In fall 2021, the Blue Ridge Craft Trail of Surry County debuted, linking six artists and arts organizations in Mount Airy and Elkin. As visitors travel the trail, they meet renowned artisans, discover one-of-a-kind craft and experience small-town charm.
The Blue Ridge Craft Trails are an initiative of the Blue Ridge National Heritage Area. The trails promote craft artisans, arts organizations and heritage tourism to enhance economic opportunity in 25 Western North Carolina counties.
“Surry County’s long history of craft and creativity continues today,” says Angie Chandler, executive director of the Blue Ridge National Heritage Area. “We’re excited to celebrate the Yadkin Valley region as a vibrant center for handmade crafts.”

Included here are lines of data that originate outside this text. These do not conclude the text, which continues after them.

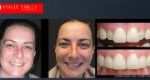 Porcelain Veneers Before and After | Veneers Smile Gallery Melbourne CBD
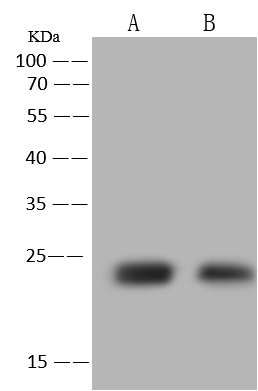 Western Blot: TTC36 Antibody [NBP3-23480] - NBP3-23480 at 1:500 dilution. Lane A: Mouse Liver tissue Lysate. Lane B: Rat Liver tissue Lysate. Lysates/proteins at 30 ug per lane. Secondary Goat Anti-Rabbit IgG (H+L) [HRP] at 1/10000 dilution. Developed using the ECL technique. Performed under reducing conditions. Predicted band size: 20 kDa. Observed band size: 24 kDa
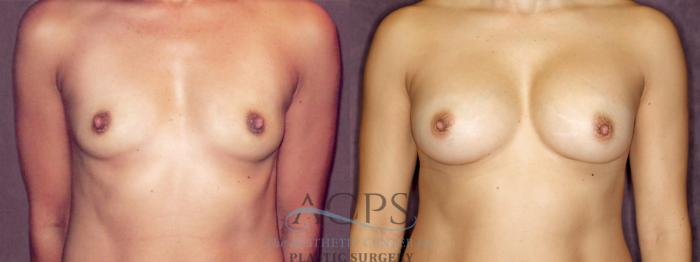 Before & After Breast Augmentation Case 875 Front View: View in Houston, TX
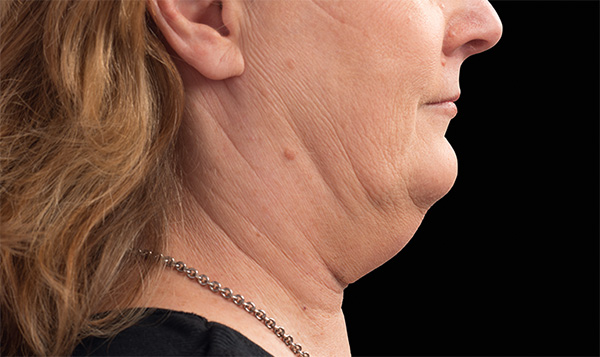 double chin reduction treatment coolsculpting Chester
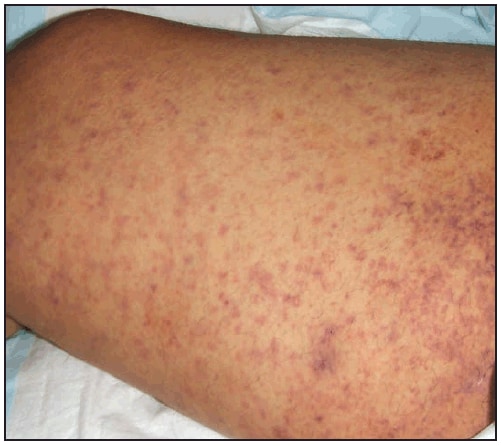This figure is a photograph showing a maculopapular rash with central petechiae associated with Rocky Mountain spotted fever.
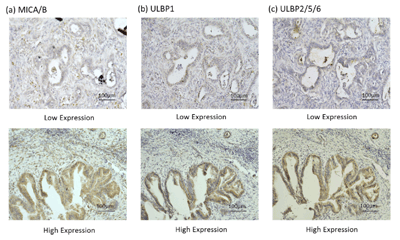 胆管癌におけるNK細胞活性化型リガンド発現の意義 写真2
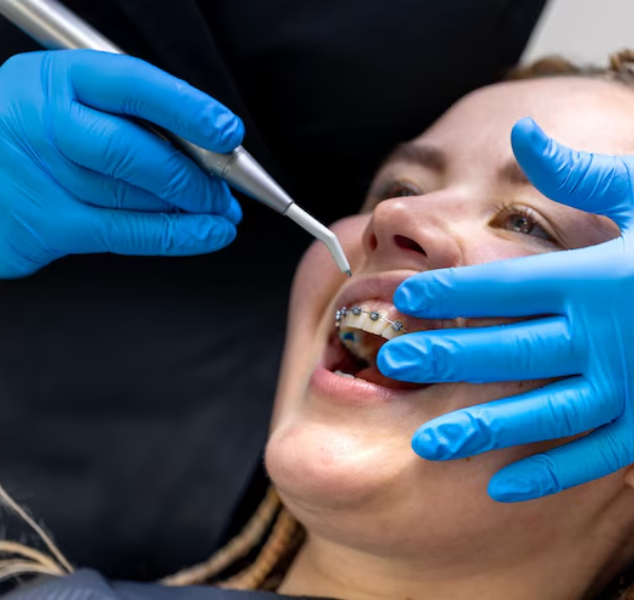 metal-braces -banner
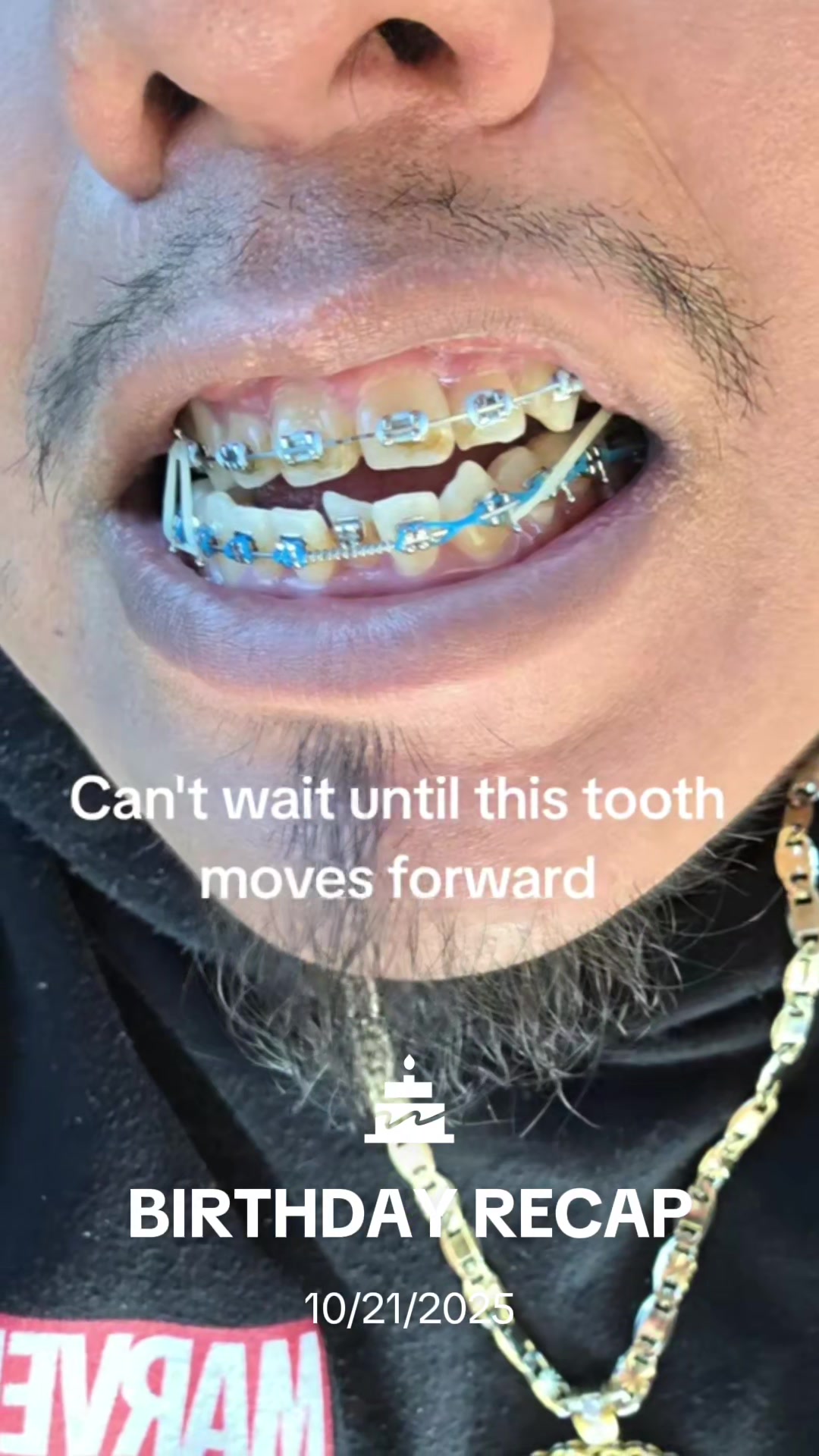 @str8braces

Community art centers anchor the Surry County trail. The Foothills Arts Center and the Yadkin Valley Fiber Center, both in Elkin, hold classes in fiber arts, drawing, painting, photography and clay. The space is also home to the workshop of master luthier Joe Thrift, who builds fine violins and teaches the art of making them.
In Mount Airy, the Surry Arts Council celebrates local artists, musicians and hometown hero Andy Griffith. The main Arts Council building houses the Andy Griffith Museum and several additional exhibits. The council also operates the historic Earle Theatre, Old-Time Music Heritage Hall and Blackmon Amphitheatre.
“A visitor can experience visual arts. They can experience excellence in crafts. They can experience excellence in our local music heritage and wine and beer and great food,” says Tanya Jones, executive director of the Surry Arts Council. “We really are focusing on quality experiences.”
John Furches Gallery in Elkin shows off the artist’s watercolor renditions of the natural world. Through etching, printmaking and watercolor, Furches transfers the natural world he experiences around him — birds, wildflowers, rolling landscapes — into pieces of art. His wife, Shirley, assists him with the prints and runs the frame shop.
“The benefit of the Blue Ridge Craft Trails is twofold,” Furches says. “The trails add interest, things for visitors to do and see, and they also help artists and craftspeople make a living doing what they love. There are lots of super-talented people in this area who have a lot to offer the public.”
Just up the street from Furches’ gallery, The November Room brings together multiple artists’ work in an emporium-style space. Shop for home decor, specialty clothing, jewelry, and gourmet foodstuffs such as honey and tea.
A few steps farther along Elkin’s Main Street is Yadkin Valley Quilts. Crafters will find supplies and inspiration for all sorts of fiber projects. Finished quilts by local artists are also sold in the shop.
“A lot of visitors want a souvenir to remember the area,” Furches says. “If they can find a nice etching or piece of pottery or something like that to take home, it really reminds them of the trip and might make them want to visit again.”